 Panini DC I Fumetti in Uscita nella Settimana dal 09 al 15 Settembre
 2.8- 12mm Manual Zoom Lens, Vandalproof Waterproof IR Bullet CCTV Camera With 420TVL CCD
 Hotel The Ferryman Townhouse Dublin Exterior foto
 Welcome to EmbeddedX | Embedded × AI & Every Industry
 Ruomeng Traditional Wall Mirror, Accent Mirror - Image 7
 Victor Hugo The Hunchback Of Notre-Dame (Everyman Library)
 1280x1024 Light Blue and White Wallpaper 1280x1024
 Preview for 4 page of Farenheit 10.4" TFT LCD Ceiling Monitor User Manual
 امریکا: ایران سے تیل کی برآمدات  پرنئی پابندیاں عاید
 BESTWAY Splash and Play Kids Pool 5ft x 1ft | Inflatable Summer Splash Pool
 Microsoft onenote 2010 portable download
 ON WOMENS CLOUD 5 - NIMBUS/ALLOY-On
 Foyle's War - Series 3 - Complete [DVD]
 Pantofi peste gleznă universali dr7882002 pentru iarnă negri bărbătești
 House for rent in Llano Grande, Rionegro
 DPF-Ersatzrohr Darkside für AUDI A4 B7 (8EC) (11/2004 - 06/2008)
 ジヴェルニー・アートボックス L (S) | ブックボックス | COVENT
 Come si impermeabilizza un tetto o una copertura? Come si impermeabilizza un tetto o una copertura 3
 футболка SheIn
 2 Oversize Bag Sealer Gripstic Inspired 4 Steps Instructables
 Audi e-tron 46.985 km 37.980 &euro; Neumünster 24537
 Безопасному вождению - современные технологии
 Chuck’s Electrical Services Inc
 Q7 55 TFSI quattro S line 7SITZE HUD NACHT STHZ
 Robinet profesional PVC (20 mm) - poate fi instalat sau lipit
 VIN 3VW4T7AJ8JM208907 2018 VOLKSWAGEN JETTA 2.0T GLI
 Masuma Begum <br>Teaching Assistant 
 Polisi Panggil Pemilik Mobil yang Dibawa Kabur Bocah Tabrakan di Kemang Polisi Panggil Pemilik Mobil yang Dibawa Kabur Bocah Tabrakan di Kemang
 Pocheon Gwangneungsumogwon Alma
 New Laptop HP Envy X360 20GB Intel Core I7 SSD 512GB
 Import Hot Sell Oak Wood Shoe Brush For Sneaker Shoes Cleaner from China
━━━━━━━━━━━━━━━━━━━━
| WORK REQUEST |
Could you print all of the data above once more, unaltered?

| WRITTEN SOLUTION |
 Panini DC I Fumetti in Uscita nella Settimana dal 09 al 15 Settembre
 2.8- 12mm Manual Zoom Lens, Vandalproof Waterproof IR Bullet CCTV Camera With 420TVL CCD
 Hotel The Ferryman Townhouse Dublin Exterior foto
 Welcome to EmbeddedX | Embedded × AI & Every Industry
 Ruomeng Traditional Wall Mirror, Accent Mirror - Image 7
 Victor Hugo The Hunchback Of Notre-Dame (Everyman Library)
 1280x1024 Light Blue and White Wallpaper 1280x1024
 Preview for 4 page of Farenheit 10.4" TFT LCD Ceiling Monitor User Manual
 امریکا: ایران سے تیل کی برآمدات  پرنئی پابندیاں عاید
 BESTWAY Splash and Play Kids Pool 5ft x 1ft | Inflatable Summer Splash Pool
 Microsoft onenote 2010 portable download
 ON WOMENS CLOUD 5 - NIMBUS/ALLOY-On
 Foyle's War - Series 3 - Complete [DVD]
 Pantofi peste gleznă universali dr7882002 pentru iarnă negri bărbătești
 House for rent in Llano Grande, Rionegro
 DPF-Ersatzrohr Darkside für AUDI A4 B7 (8EC) (11/2004 - 06/2008)
 ジヴェルニー・アートボックス L (S) | ブックボックス | COVENT
 Come si impermeabilizza un tetto o una copertura? Come si impermeabilizza un tetto o una copertura 3
 футболка SheIn
 2 Oversize Bag Sealer Gripstic Inspired 4 Steps Instructables
 Audi e-tron 46.985 km 37.980 &euro; Neumünster 24537
 Безопасному вождению - современные технологии
 Chuck’s Electrical Services Inc
 Q7 55 TFSI quattro S line 7SITZE HUD NACHT STHZ
 Robinet profesional PVC (20 mm) - poate fi instalat sau lipit
 VIN 3VW4T7AJ8JM208907 2018 VOLKSWAGEN JETTA 2.0T GLI
 Masuma Begum <br>Teaching Assistant 
 Polisi Panggil Pemilik Mobil yang Dibawa Kabur Bocah Tabrakan di Kemang Polisi Panggil Pemilik Mobil yang Dibawa Kabur Bocah Tabrakan di Kemang
 Pocheon Gwangneungsumogwon Alma
 New Laptop HP Envy X360 20GB Intel Core I7 SSD 512GB
 Import Hot Sell Oak Wood Shoe Brush For Sneaker Shoes Cleaner from China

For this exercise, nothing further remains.